--- Supplied material ---
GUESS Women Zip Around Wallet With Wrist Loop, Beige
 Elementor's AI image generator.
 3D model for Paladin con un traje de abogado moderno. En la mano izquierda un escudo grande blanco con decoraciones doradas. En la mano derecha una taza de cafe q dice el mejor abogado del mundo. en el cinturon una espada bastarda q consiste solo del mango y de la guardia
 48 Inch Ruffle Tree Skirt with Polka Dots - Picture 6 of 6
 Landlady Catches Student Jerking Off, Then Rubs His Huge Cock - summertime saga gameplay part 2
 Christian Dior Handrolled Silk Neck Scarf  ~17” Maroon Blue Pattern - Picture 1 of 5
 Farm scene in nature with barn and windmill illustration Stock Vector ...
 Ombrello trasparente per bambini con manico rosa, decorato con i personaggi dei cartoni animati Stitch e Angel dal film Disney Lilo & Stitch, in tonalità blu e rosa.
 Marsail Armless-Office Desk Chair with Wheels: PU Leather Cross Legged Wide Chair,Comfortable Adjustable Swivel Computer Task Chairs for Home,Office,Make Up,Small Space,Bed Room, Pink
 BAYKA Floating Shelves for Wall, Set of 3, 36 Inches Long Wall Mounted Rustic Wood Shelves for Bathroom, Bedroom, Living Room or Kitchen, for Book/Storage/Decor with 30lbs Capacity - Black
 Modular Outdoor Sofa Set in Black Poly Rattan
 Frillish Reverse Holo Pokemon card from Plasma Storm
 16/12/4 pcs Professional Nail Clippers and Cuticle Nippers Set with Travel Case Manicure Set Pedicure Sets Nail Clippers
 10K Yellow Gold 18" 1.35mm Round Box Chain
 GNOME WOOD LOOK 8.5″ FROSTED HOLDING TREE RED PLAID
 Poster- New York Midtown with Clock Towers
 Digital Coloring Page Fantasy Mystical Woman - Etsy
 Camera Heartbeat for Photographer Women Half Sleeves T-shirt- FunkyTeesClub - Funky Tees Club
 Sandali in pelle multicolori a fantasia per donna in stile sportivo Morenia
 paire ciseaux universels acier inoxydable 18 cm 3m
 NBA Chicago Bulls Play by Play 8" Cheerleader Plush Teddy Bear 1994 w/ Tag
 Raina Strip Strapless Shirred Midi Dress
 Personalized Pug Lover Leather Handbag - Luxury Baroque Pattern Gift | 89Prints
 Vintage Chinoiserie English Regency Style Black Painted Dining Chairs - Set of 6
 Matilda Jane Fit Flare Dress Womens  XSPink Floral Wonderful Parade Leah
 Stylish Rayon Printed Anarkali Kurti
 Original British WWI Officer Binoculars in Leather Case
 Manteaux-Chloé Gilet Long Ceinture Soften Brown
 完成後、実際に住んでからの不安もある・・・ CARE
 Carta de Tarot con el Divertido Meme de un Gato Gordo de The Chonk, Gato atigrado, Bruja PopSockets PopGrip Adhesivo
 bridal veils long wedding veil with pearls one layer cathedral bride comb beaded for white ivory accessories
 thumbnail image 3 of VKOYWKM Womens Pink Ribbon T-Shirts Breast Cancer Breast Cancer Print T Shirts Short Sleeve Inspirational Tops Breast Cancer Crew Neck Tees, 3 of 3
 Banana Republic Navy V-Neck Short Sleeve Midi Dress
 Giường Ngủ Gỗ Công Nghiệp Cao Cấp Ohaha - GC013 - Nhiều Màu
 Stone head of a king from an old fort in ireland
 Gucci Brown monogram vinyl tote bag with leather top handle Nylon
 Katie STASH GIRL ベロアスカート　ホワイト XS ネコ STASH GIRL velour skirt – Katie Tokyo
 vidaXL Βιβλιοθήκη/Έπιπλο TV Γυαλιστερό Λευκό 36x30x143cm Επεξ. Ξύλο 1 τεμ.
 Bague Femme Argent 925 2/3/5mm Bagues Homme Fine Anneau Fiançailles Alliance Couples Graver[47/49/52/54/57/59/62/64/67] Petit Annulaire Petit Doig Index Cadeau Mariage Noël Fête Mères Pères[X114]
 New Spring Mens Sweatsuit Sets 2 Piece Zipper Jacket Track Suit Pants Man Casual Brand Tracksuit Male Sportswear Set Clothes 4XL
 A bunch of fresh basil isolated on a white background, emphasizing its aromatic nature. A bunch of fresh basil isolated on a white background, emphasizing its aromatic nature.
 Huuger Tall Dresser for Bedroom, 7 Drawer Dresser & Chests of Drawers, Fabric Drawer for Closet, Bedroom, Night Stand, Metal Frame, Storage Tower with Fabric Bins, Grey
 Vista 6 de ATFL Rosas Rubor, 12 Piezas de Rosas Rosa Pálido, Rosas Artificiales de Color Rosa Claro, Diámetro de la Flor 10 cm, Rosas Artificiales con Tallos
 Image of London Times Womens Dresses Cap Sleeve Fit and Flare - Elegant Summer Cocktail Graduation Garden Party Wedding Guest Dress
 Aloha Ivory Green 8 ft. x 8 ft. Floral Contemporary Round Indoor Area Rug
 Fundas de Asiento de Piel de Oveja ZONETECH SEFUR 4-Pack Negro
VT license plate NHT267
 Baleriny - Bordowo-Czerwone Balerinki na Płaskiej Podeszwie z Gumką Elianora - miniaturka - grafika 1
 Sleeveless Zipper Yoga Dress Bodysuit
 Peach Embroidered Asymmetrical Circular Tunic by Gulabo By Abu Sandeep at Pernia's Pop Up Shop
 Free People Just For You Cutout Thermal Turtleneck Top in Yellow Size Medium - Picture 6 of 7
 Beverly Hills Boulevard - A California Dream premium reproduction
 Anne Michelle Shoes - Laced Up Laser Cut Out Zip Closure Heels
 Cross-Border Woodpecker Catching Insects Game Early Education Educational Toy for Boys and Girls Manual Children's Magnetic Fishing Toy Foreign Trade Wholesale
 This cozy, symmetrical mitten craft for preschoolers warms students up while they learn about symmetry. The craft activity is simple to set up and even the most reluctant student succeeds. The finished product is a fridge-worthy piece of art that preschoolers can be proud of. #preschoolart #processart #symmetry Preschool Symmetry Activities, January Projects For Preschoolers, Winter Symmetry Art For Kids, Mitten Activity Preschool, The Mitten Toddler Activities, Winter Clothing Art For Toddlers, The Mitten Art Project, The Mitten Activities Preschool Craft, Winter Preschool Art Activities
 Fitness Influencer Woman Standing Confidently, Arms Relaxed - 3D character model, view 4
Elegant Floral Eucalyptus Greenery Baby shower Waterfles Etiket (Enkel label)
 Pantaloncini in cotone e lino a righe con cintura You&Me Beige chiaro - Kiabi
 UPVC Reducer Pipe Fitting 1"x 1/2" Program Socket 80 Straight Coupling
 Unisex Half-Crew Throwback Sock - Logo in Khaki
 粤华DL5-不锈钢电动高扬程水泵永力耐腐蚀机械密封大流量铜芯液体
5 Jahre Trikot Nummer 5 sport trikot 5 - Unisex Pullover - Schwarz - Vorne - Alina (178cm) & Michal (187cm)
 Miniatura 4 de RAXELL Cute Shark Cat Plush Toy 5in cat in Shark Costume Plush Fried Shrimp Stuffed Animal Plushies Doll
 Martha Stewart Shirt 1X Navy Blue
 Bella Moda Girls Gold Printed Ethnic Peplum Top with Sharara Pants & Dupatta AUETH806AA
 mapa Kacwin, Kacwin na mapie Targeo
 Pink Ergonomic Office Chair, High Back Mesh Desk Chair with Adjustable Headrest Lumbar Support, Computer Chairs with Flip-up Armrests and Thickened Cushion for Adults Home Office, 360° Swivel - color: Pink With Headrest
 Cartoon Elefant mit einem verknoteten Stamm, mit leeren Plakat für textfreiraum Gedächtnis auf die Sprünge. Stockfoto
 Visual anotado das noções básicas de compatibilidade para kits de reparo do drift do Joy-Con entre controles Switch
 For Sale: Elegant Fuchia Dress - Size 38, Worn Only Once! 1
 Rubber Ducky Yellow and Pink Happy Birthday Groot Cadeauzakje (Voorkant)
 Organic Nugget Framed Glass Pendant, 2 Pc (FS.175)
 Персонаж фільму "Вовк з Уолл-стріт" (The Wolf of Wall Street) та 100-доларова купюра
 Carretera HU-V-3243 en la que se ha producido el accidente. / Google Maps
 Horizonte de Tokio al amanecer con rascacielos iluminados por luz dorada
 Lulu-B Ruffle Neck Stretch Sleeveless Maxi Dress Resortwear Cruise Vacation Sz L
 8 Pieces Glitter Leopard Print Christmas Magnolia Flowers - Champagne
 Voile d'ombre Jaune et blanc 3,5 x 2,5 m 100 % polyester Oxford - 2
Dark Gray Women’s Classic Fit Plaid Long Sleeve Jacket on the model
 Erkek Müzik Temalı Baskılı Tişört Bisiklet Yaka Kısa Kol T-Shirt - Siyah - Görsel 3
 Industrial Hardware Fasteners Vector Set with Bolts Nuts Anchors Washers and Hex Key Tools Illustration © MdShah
---
## What you will do
An exact repeat of the lines from the one containing "Voile d'ombre Jaune" through the final line of the entries is the whole answer.

## Reply
 Voile d'ombre Jaune et blanc 3,5 x 2,5 m 100 % polyester Oxford - 2
Dark Gray Women’s Classic Fit Plaid Long Sleeve Jacket on the model
 Erkek Müzik Temalı Baskılı Tişört Bisiklet Yaka Kısa Kol T-Shirt - Siyah - Görsel 3
 Industrial Hardware Fasteners Vector Set with Bolts Nuts Anchors Washers and Hex Key Tools Illustration © MdShah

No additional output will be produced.